WSJ: “Welcome to the life of a beta mother. After decades where the dominant expectation for high-achieving parents was to intensively helicopter, a new generation of moms is saying “enough.” They’re reclaiming date night, saying no to schlepping to 17 different after-school activities and making peace with dirty dishes in the sink. These acts of giving up—or giving in—are beginning to add up to something of a feminist revolution, albeit a very low-key one.”
Christoph Schweizer [BCG Newsletter]: “AI agents can observe, plan, and act with defined goals, making them especially useful in complex but lower-risk workflows. They can accelerate work in many areas, including HR, finance, IT, customer service, engineering, supply chain planning, and product development. But they need the right use cases, human oversight, and clear guardrails…To generate meaningful value from AI, leaders need to link those improvements to bottom-line impact. This requires a clear business plan with specific metrics, timelines, and projected ROI. Moreover, teams need to make strategic decisions for how freed-up staff time can be reallocated.”
Daniel Yu: “A successful commercial firm does something no NGO can: it issues “cash transfers” to a large group of people every month, indefinitely, funded by the market rather than donor whims.
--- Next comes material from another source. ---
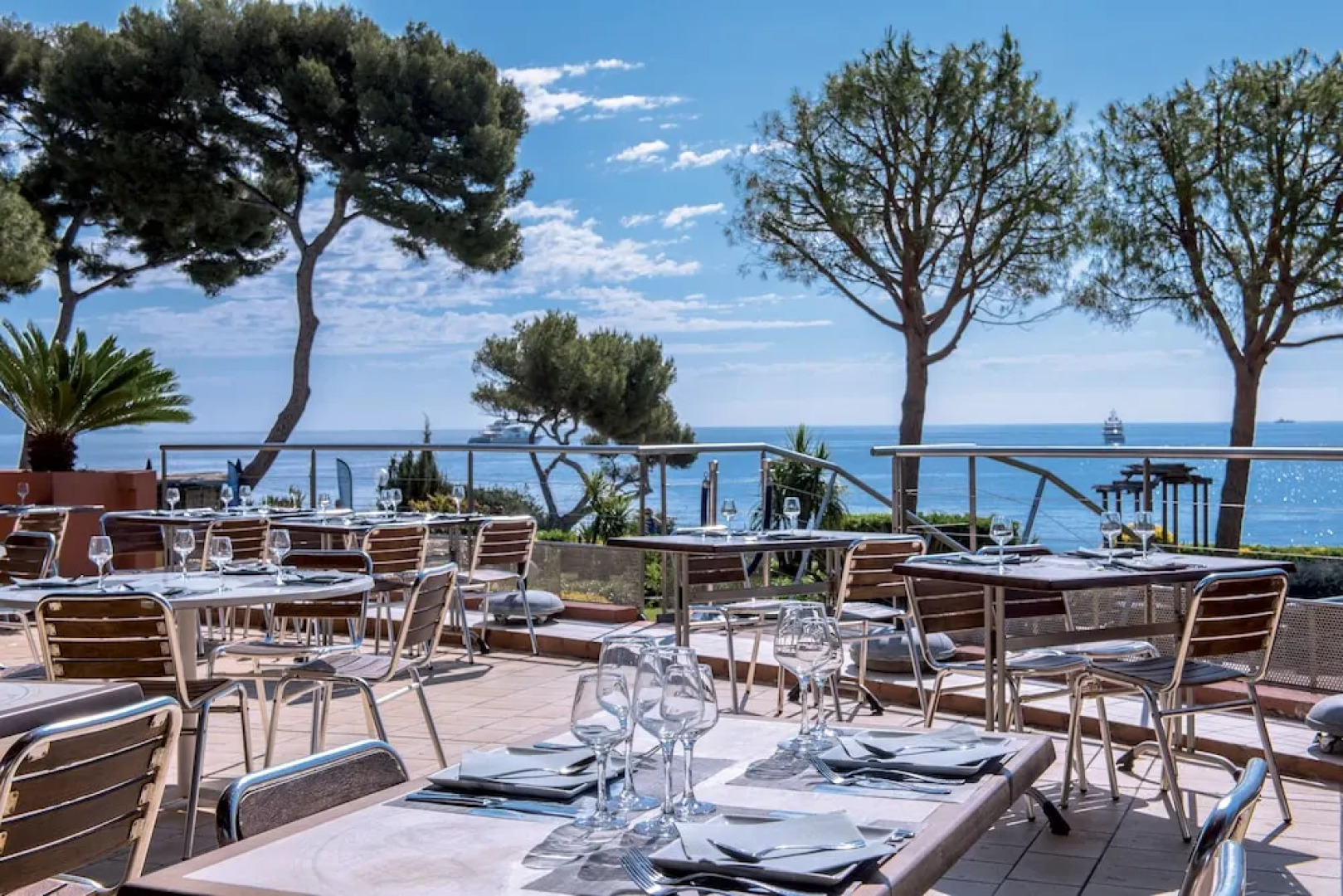 Hôtel Vacances Bleues Delcloy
Indeed, private sector growth is the key to the structural transformation required to create hundreds of millions of jobs. No rich country today has become wealthy through the intervention of NGOs.” [via Arnold Kling]
Ben Sasse: “Help your kids build the character to make the most of technology rather than becomes a slave of it…Character, whether of an individual or of a nation, is molded by habits and by time. This republic requires men and women to do long-form deliberation, serious thinking, honest humility and daily striving. What good is it to gain the whole world if we forfeit the souls that we’re supposed to form? We can’t expect to remain free without being virtuous, we can’t be bold without being rooted, we can’t be great without aiming first to be good. To stave off Huxley’s dystopia, we must deliberately shape our children’s souls so that they can be creators, doers and thinkers embracing the next frontier.”